In our lives we have all seen tragedies…each one seeming to over shadow the last. The first I remember was the bombing of the Murrah Federal Buildings in Oklahoma. I don’t think any of us will ever erase the image of the firefighter carrying the wounded child out of the smokey building. It’s the first time I remember being aware of a real living creature containing only pure evil inside. We have gone on to see countless tragedies since then…, the embassy attacks in Africa, Columbine, The Twin Towers and Virginia Tech. These are all interspersed with our own personal tragedies and unfortunately there are so many tragedies and disasters that could be listed. But now, and most horrendously, our country grieves for Newtown, Connecticut’s Sandy Hook Elementary school and the families left to deal with losing their children in what we all believe should be an environment where our children are safe…in their school. This is one more tragedy to add to a list none of us want to see grow.
Somehow, this one seems the most cruel. A man shooting babies is beyond what we can begin comprehend. That evil should touch our littlest ones is not something, we as parents, ever envision for our precious children. The cruelty that entered Sandy Hook Elementary school is the work of an evil, vile, disgusting piece of “humanity.”
Stan sat glued to the ever looping images of the children being lead from the school and into safety. Zach came home with his head hanging down and his shoulders slumped, telling me how the kids at school couldn’t tear themselves away from what happened to the youngest students. He said his entire school was following the news closely and most kids went on to google other instances of the most vile parts of humanity capturing the attention of the entire nation. For Zach, this is the first time he’s been aware of the evil that lurks within our world. Lucas and Claire both heard about what happened but they had no idea the children who were killed were babies.
At some point in the evening, Stan and I counted our blessings and realized how very fortunate we are. We tried to change the subject several times but our conversation always turned back to Connecticut. The sadness of the day pervaded our entirety.
While Stan and I kept trying to change the subject, I decided it was time to send out some messages of love. I texted my mom and dad with virtual hugs and kisses. I texted several friends to let them know they meant the world to me. And that’s when Stan said “it’s out of tragedies like this that some good things shine through. People start reaching out to one another in ways we normally don’t.”
When Stan said that I decided I needed a message of hope. I needed to watch “The Polar Express” with its message of hope, love and belief. I needed to believe in the power of love over evil.

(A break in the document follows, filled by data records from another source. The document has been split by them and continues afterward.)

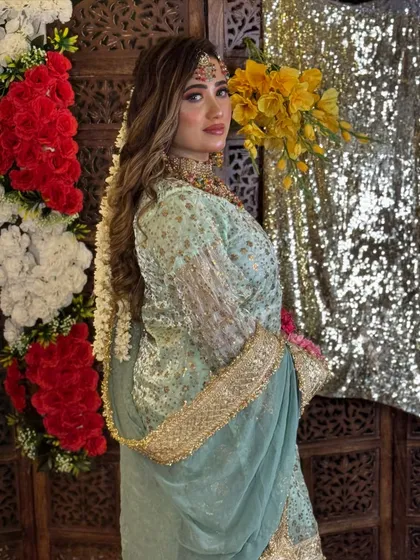 Another angle of the Haldi bride, showcasing the intricate details of her outfit and the way the makeup complements the entire look.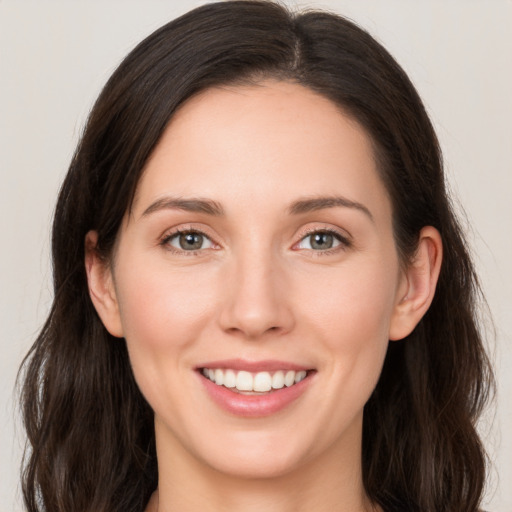 Joyful white young-adult female with long  brown hair and grey eyes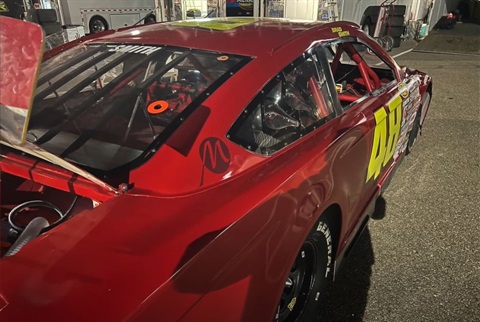 Red race car parked in a dimly lit pit area. The car's number 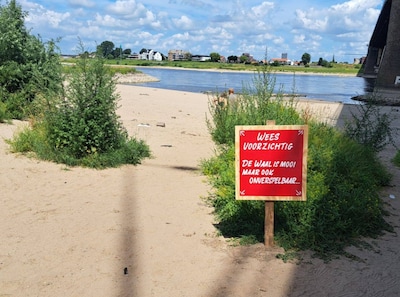 Met dit opvallende bord wil De Kaaij zwemmers waarschuwen voor de gevaren van de Waal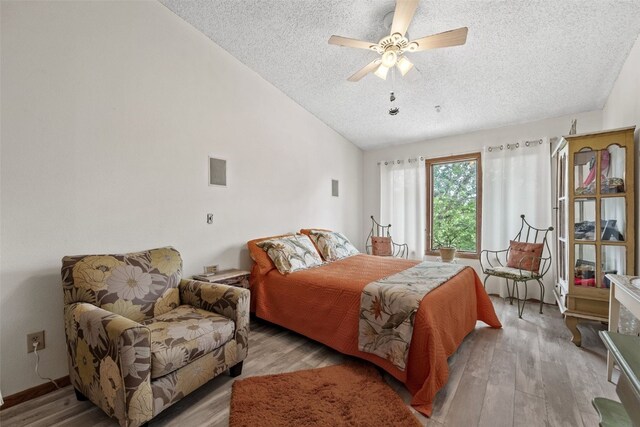 2060 Holiday Rd, Coralville, IA 52241 - bedroom with a textured ceiling, vaulted ceiling, light wood finished floors, and ceiling fan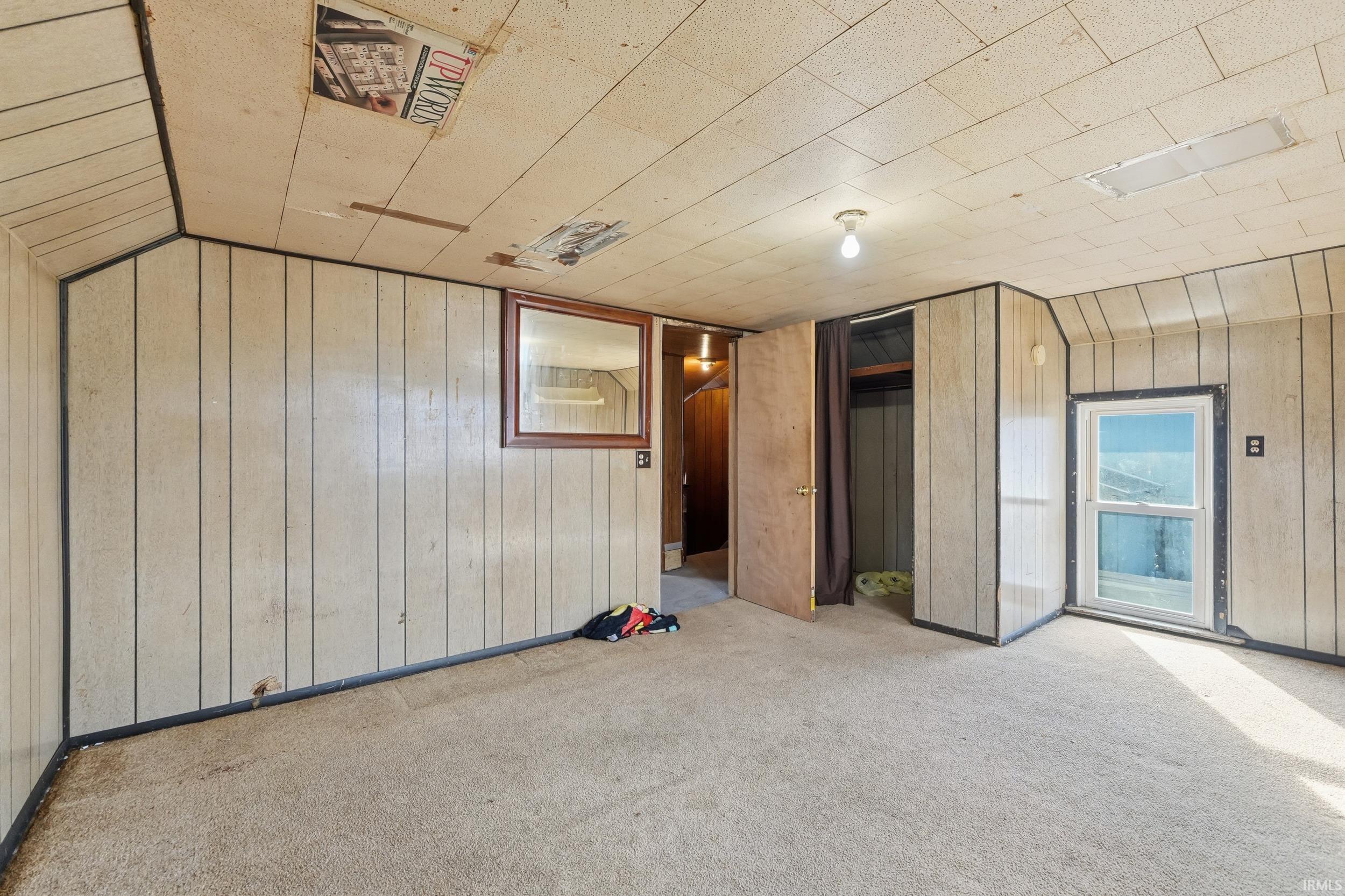 Unfurnished bedroom with wood walls, a closet, and carpet flooring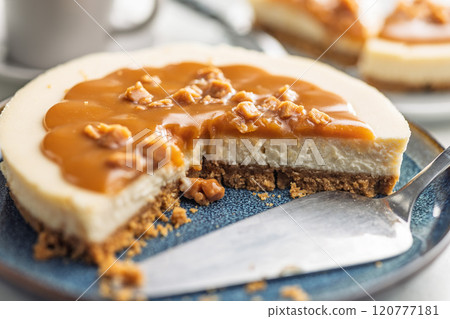 A cut piece of  cheesecake with caramel topping on plate on kitchen table. 120777181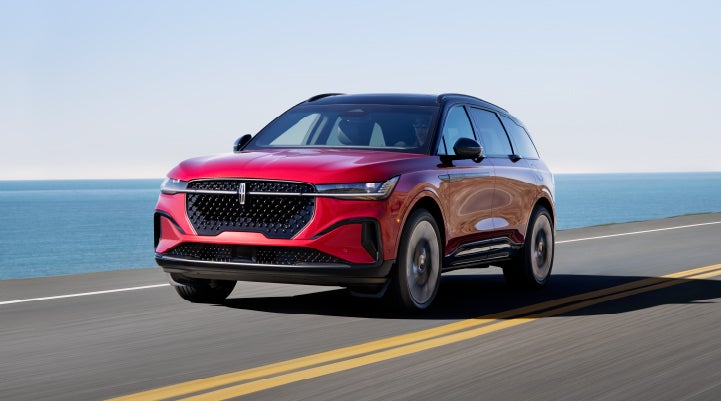 A 2024 Lincoln Nautilus® SUV is being driven on a seaside roadway. | LaFontaine Lincoln Grand Rapids in Grand Rapids MI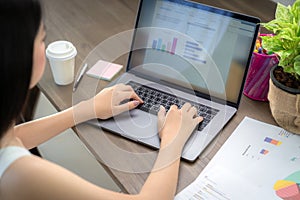 Asian business woman working in home office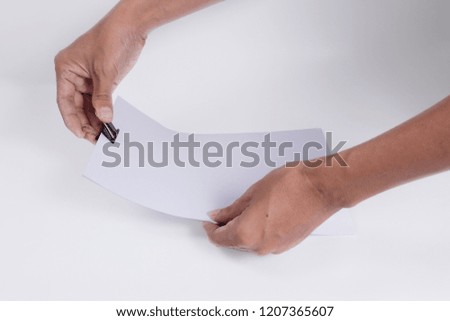 Man hand holding white paper with binder clips over white background. Concepcion is document Storage.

I watched the end of the movie with a tightness in my chest and tears streaming down my cheeks, knowing there are families in Connecticut whose belief has been altered. But I also watched with a glimmer of hope in my heart. Hoping that by all of us choosing to believe in the purity of love we can overcome the evil living amongst us.
“Believe” it’s the one word punched into the little boy’s ticket at the end of the “The Polar Express.” It may be the most difficult word to comprehend at a time like this but it’s the one word we need to all grasp with all of our might. We need to believe in each other. We need to believe in love overcoming evil. We need to believe that rights will be wronged. And we need to believe in the power of faith to heal broken hearts.
Before the children in “The Polar Express” get back on the train the little boy asks Santa for a bell from Santa’s sleigh. He wants to remember and believe. I think it is time for all of us to take out our bells and make them ring in honor of the children whose lives were lost to evil yesterday. I think we need to make them ring with a mighty peal so that we can always believe.
“At one time, most of my friends could hear the bell, but as years passed, it felt silent for all of them. Even Sarah found one Christmas that she could no longer hear its sweet sound. Though I’ve grown old, the bell still rings for me, as it does for all who truly believe.”